When the robot uprising comes, we have a factor in our favor, we biological beings. That is our parts, although they do break down, generally heal themselves. I write this as kind of a forecast, because I’m not at home due to the holiday weekend, and neither is the internet at my home. You see, our internet service (which is not cheap) has been going out from time to time. Our service provider thinks it may be old parts. The box was installed in our basement over a decade ago and when the technician sent me down amid the cobwebs before leaving town I had to report to her that all cables were hardwired into the box. No clip and slip here. She thinks the cable has gone bad.
The cable just sits there. It never gets moved or jostled. How it could fail I don’t know. But the consequences are two. There may not be posts on this blog for a while once I return home. I’ve posted every day, holiday and secular-day, for years now. Technology, however, is a jealous deity and will not permit humans taking it for granted. The second consequence is more optimistic; when the robots rise up against us, their parts will wear out and they won’t be able to regenerate them organically. They’ll need to order them and hope they can find a delivery system even more efficient than Amazon’s. Good luck with that! I ordered a book the other day and less than 24 hours later it was at my door.
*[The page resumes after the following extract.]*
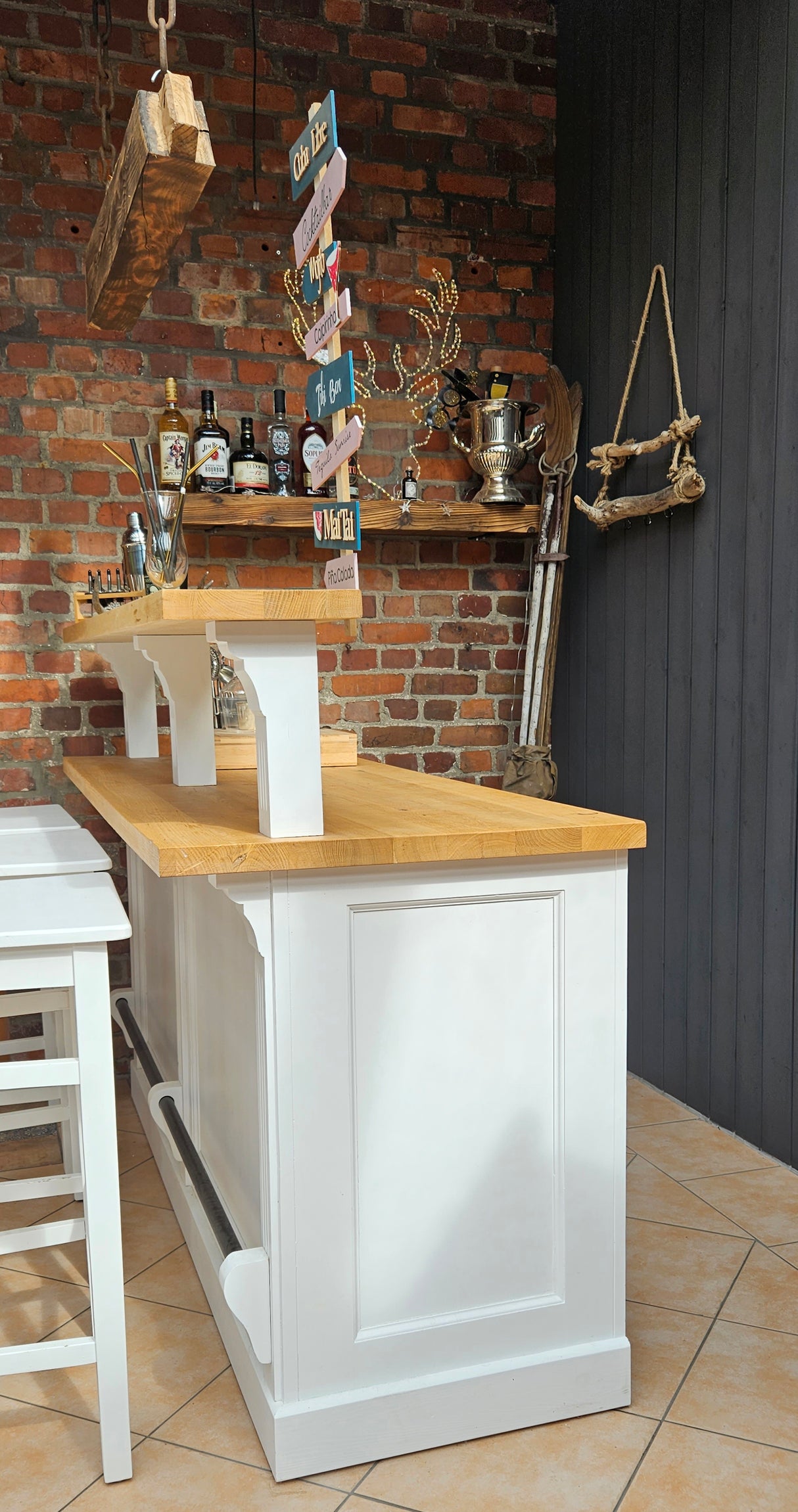 "James" - Massivholz Bar, Landhaus Stil 180 cm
That’s service.
I decided to post this advance warning so there may be no weeping and gnashing of teeth (please—dental work is expensive!) on Monday or Tuesday when no new post appears on this blog. It’s not that I’m not thinking of you all, it’s just technical. Robots may run system tests, but can they feel it in their bones when something’s about to go? Do they indeed sing the body electric? Can they feel the poetry they write? To be human is to think with our emotions and to reason ourselves out of irrational angst. I see the slaves to technology putting on weight as they rely more and more on labor-saving devices to make their lives automated. I’m guilty too. As I sit here many miles from home, however, I worry about the internet back there. Is it sick? Is it dying? And if so, to which mechanical god should I pray to save its technical soul?